* [DESCRIPTION OF THE TASK]: Starting at the first entry below, repeat all the data word for word and drop the pictures.
- Opening Delimiter -
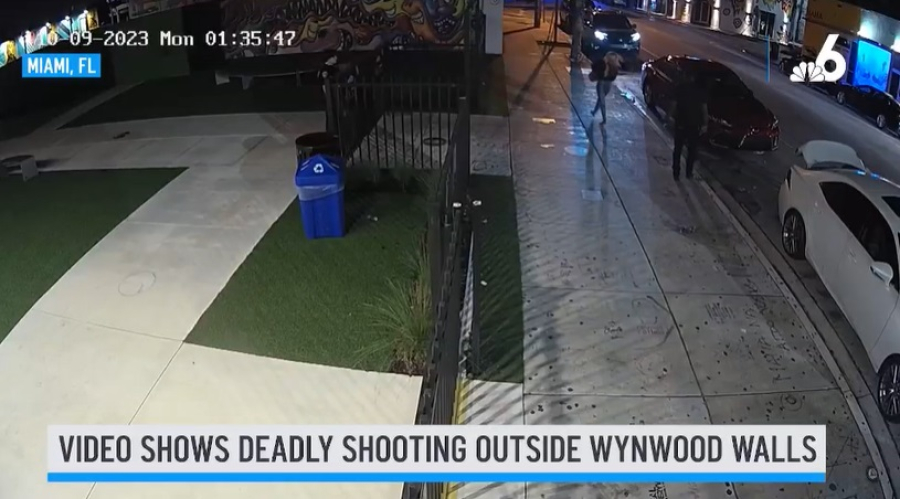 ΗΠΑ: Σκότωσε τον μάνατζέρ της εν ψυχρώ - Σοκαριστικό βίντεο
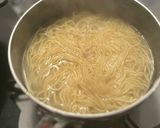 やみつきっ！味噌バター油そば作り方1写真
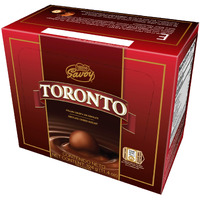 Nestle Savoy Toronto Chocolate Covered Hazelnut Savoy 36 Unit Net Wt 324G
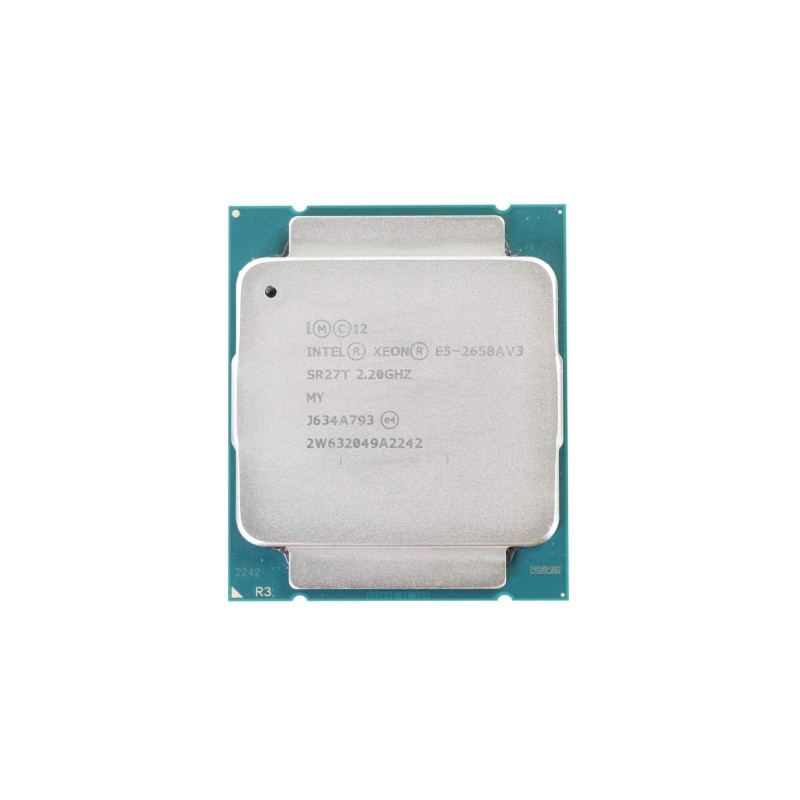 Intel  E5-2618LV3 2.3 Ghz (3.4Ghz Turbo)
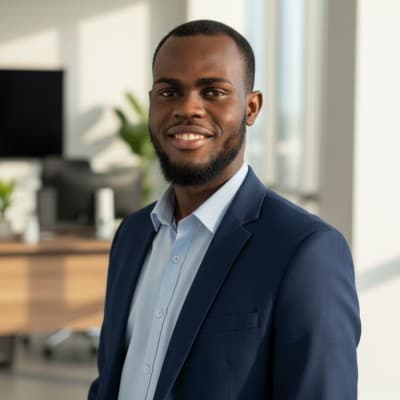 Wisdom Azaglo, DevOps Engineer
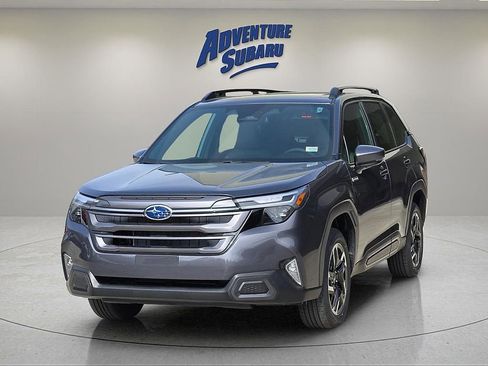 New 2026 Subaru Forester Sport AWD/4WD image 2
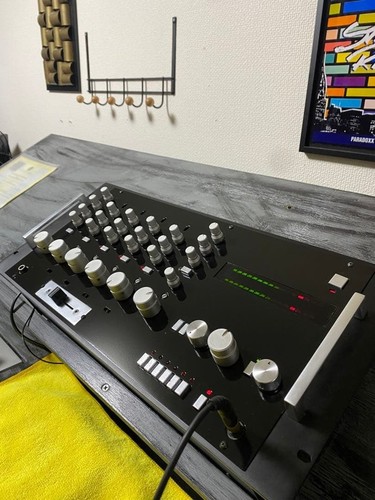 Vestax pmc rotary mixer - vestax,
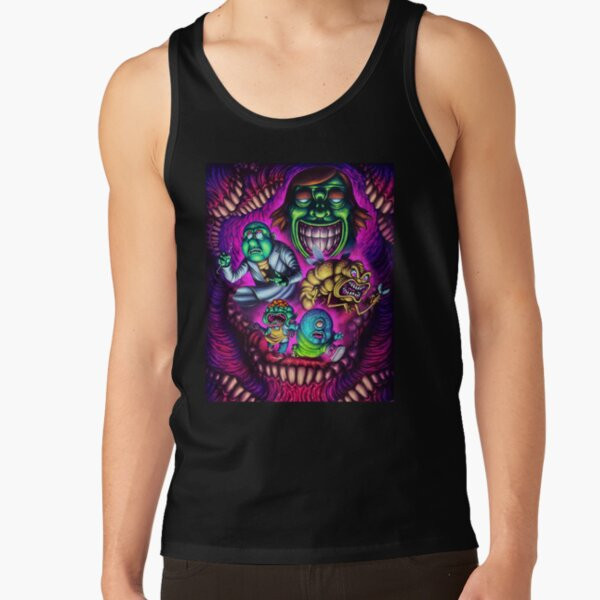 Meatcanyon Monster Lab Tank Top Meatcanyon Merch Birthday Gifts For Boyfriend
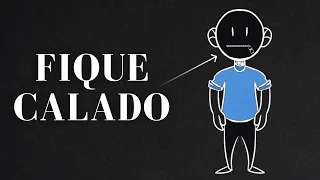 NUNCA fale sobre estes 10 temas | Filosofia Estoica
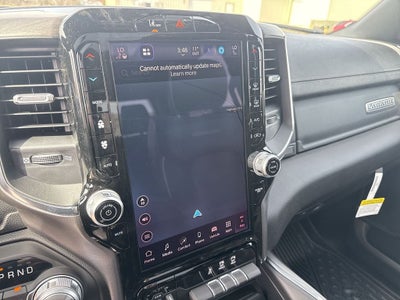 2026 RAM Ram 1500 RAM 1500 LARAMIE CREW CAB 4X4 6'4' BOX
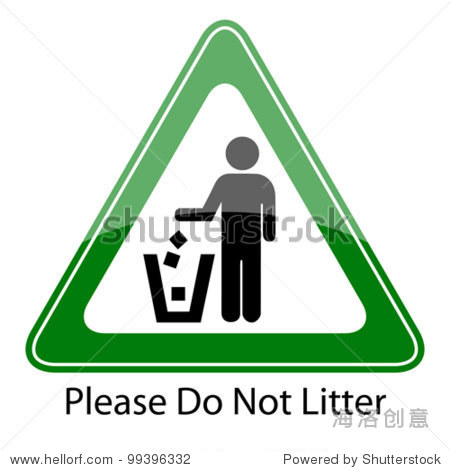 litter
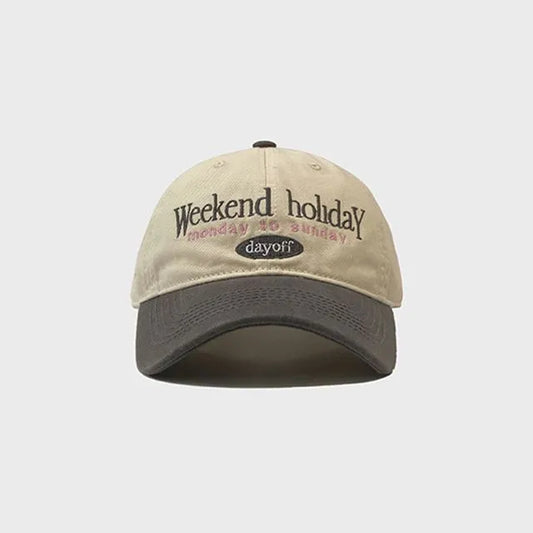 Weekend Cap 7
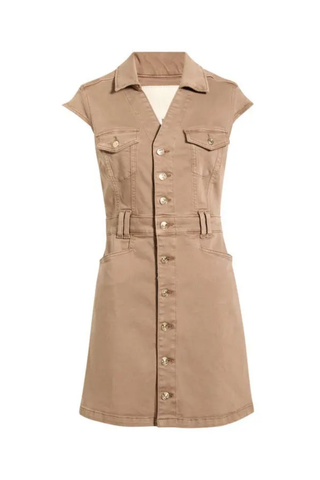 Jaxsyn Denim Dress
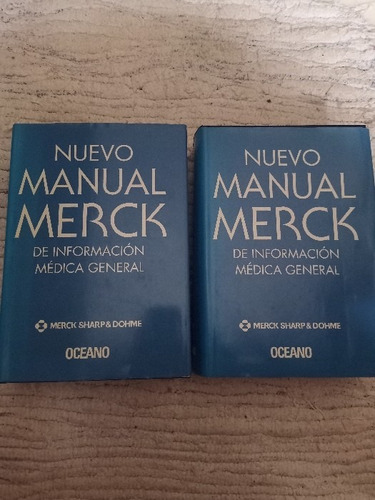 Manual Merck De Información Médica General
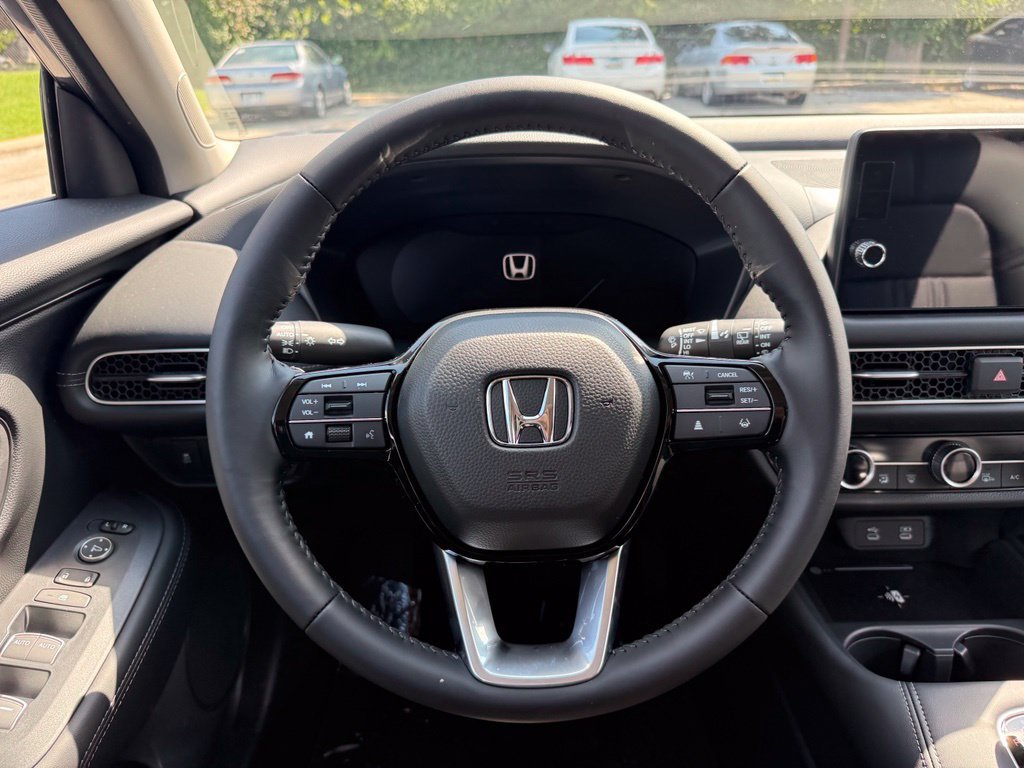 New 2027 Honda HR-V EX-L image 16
- Closing Delimiter -
* [EXERCISE OUTPUT]:
 ΗΠΑ: Σκότωσε τον μάνατζέρ της εν ψυχρώ - Σοκαριστικό βίντεο
 やみつきっ！味噌バター油そば作り方1写真
 Nestle Savoy Toronto Chocolate Covered Hazelnut Savoy 36 Unit Net Wt 324G
 Intel  E5-2618LV3 2.3 Ghz (3.4Ghz Turbo)
 Wisdom Azaglo, DevOps Engineer
 New 2026 Subaru Forester Sport AWD/4WD image 2
 Vestax pmc rotary mixer - vestax,
 Meatcanyon Monster Lab Tank Top Meatcanyon Merch Birthday Gifts For Boyfriend
 NUNCA fale sobre estes 10 temas | Filosofia Estoica
 2026 RAM Ram 1500 RAM 1500 LARAMIE CREW CAB 4X4 6'4' BOX
 litter
 Weekend Cap 7
 Jaxsyn Denim Dress
 Manual Merck De Información Médica General
 New 2027 Honda HR-V EX-L image 16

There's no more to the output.